**STORED DATA:**

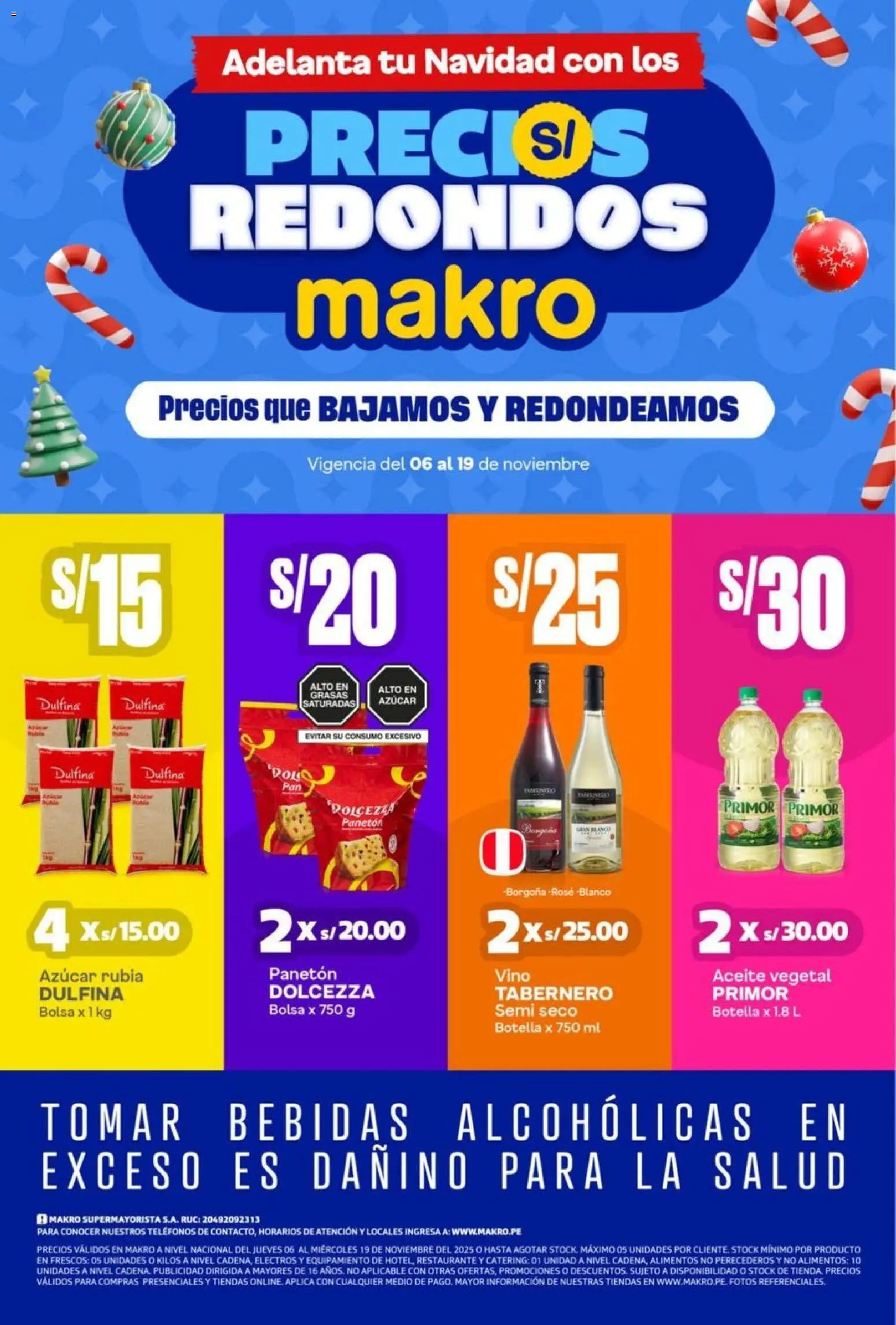 Catálogo Makro válido desde 06.11.2025 | Página: 1 | Productos: Aceite, Vino, Polo, Bolsa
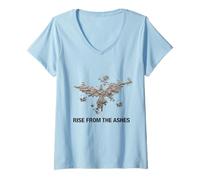 Femme Phoenix Rise from The Ashes Graphique avec Citations inspirantes T-Shirt avec Col en V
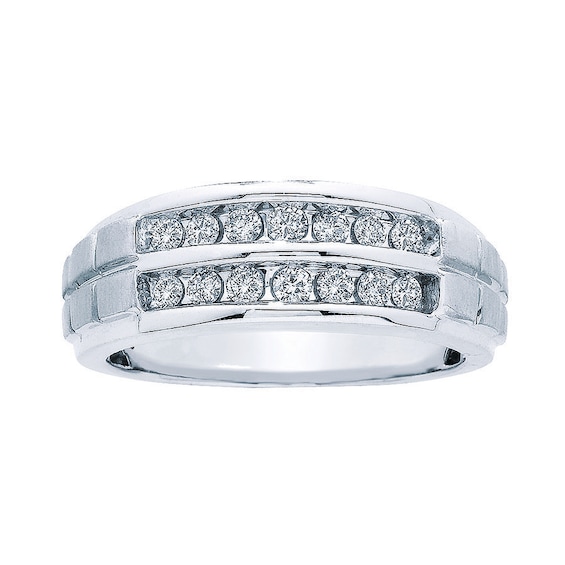 Previously Owned Men's Diamond Wedding Band 3/4 ct tw Round-cut 10K White Gold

**ASSIGNMENT:** I need the lines from the line containing "Femme Phoenix Rise" through the final line of the listing duplicated exactly, both ends included, with no pictures and nothing else.

**YOUR SOLUTION:**
 Femme Phoenix Rise from The Ashes Graphique avec Citations inspirantes T-Shirt avec Col en V
 Previously Owned Men's Diamond Wedding Band 3/4 ct tw Round-cut 10K White Gold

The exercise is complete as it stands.